Up to and including the line with "KAWASAKI GTR1400 GTR", write out the listing from its first line, minus the pictures.

[Task input Boundary: Start]

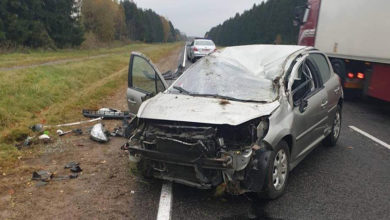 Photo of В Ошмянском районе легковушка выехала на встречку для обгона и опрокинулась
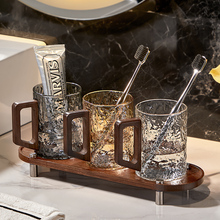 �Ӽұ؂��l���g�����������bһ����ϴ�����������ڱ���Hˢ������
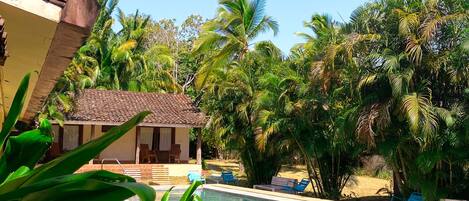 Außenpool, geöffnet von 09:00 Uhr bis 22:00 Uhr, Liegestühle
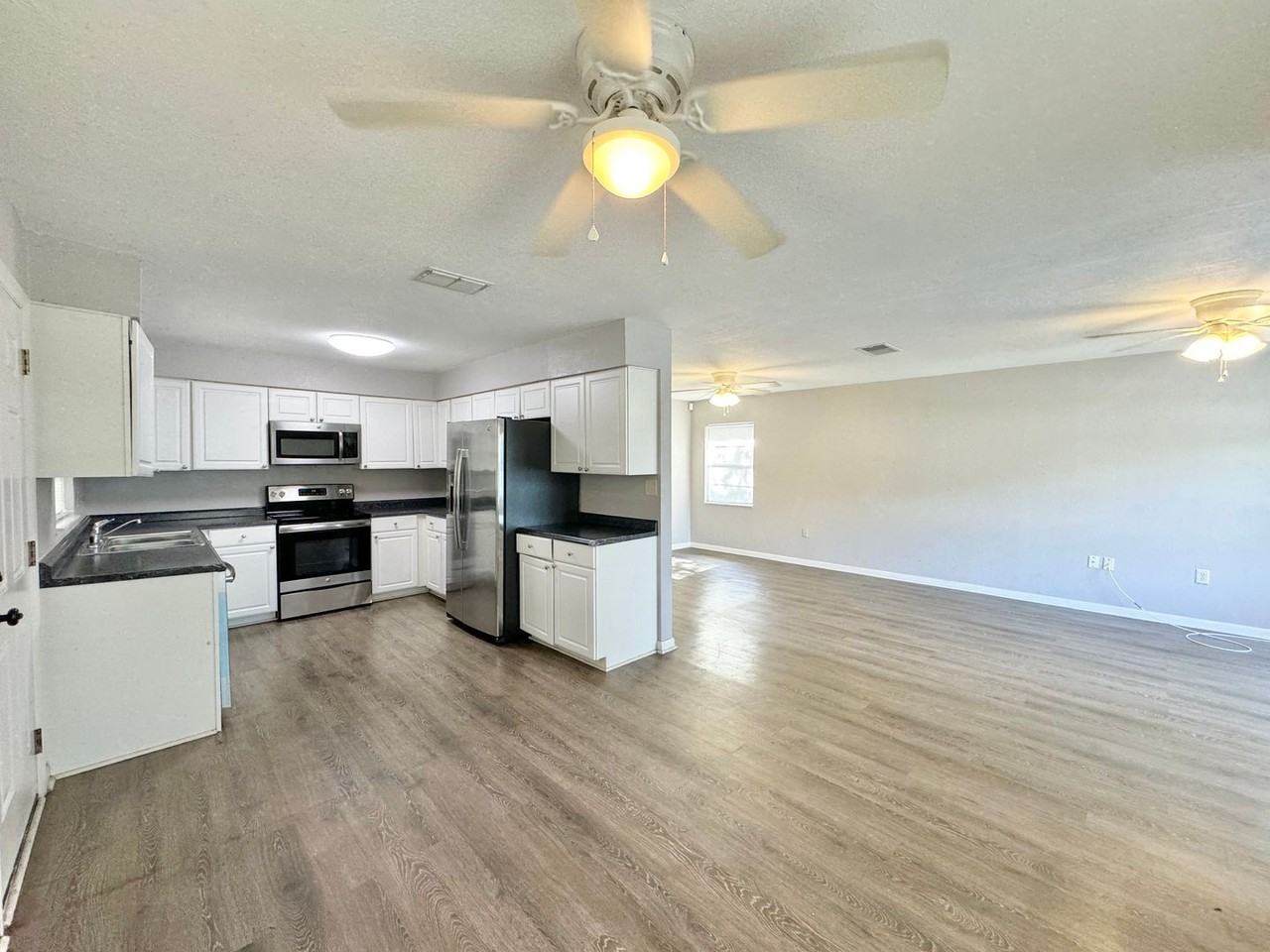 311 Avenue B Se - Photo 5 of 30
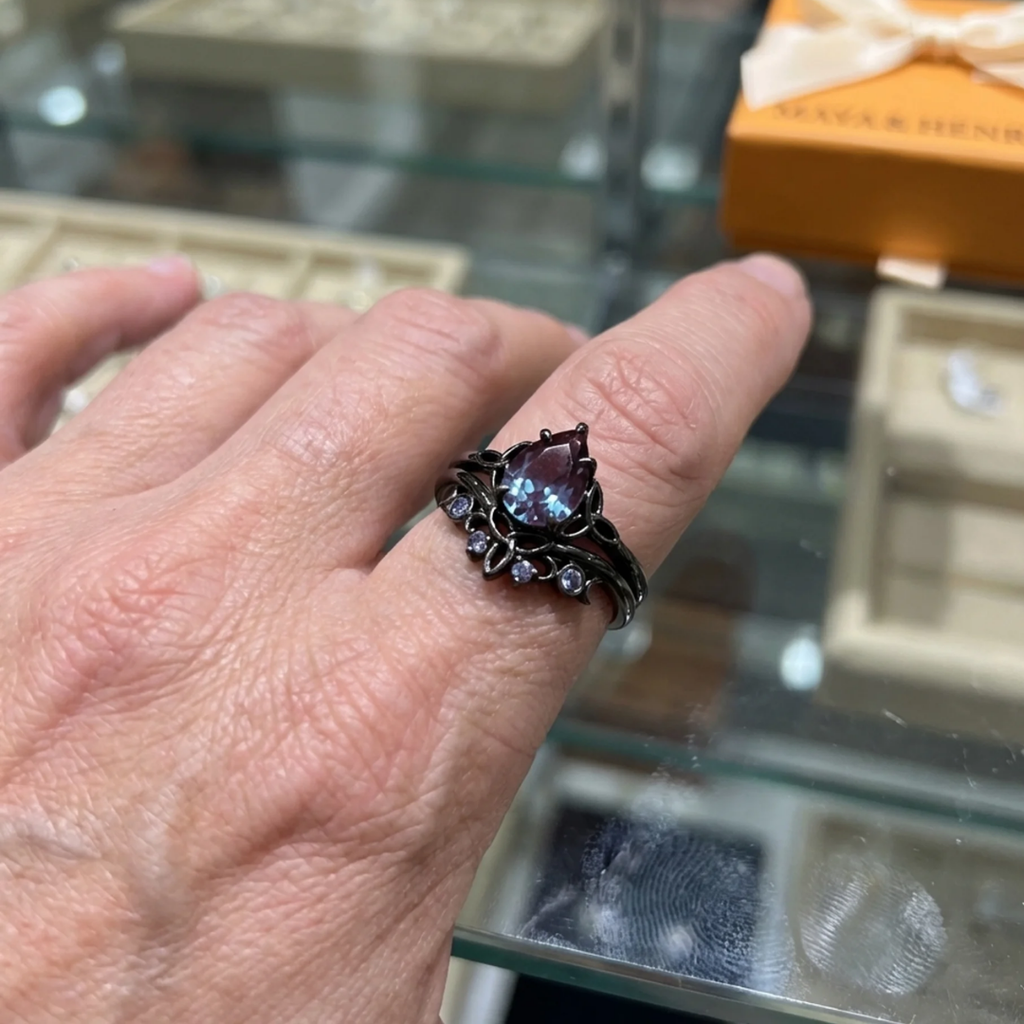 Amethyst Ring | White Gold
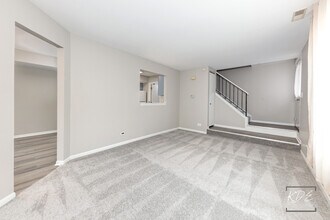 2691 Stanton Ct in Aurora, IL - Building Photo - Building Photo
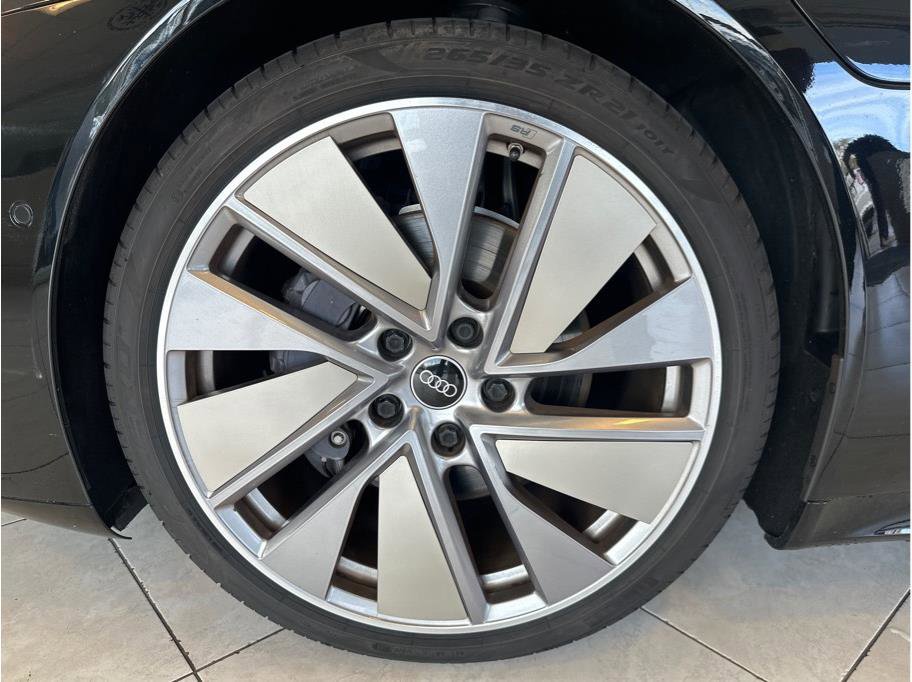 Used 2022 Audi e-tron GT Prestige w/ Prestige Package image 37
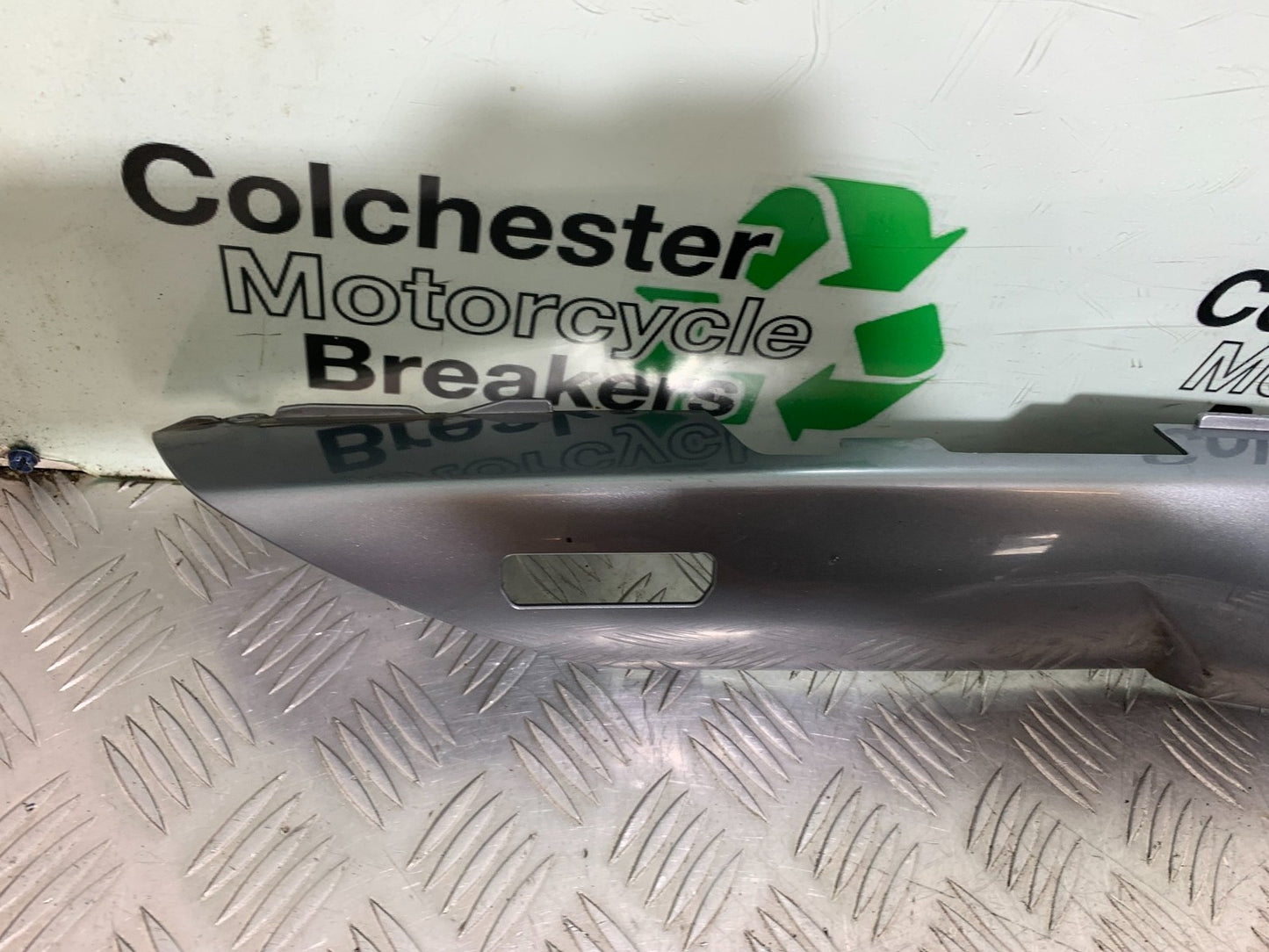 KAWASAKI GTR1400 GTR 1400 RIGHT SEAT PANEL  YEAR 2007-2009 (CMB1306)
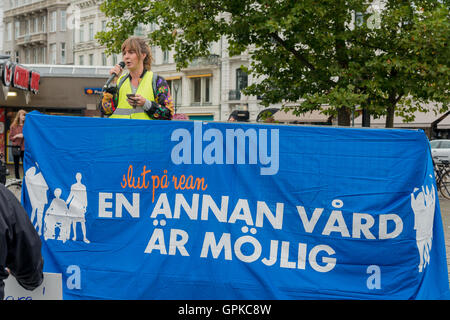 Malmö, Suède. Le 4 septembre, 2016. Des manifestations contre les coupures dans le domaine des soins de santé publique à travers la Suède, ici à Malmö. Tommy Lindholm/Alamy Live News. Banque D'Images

[Task input Boundary: End]

* **Task output**:
 Photo of В Ошмянском районе легковушка выехала на встречку для обгона и опрокинулась
 �Ӽұ؂��l���g�����������bһ����ϴ�����������ڱ���Hˢ������
 Außenpool, geöffnet von 09:00 Uhr bis 22:00 Uhr, Liegestühle
 311 Avenue B Se - Photo 5 of 30
 Amethyst Ring | White Gold
 2691 Stanton Ct in Aurora, IL - Building Photo - Building Photo
 Used 2022 Audi e-tron GT Prestige w/ Prestige Package image 37
 KAWASAKI GTR1400 GTR 1400 RIGHT SEAT PANEL  YEAR 2007-2009 (CMB1306)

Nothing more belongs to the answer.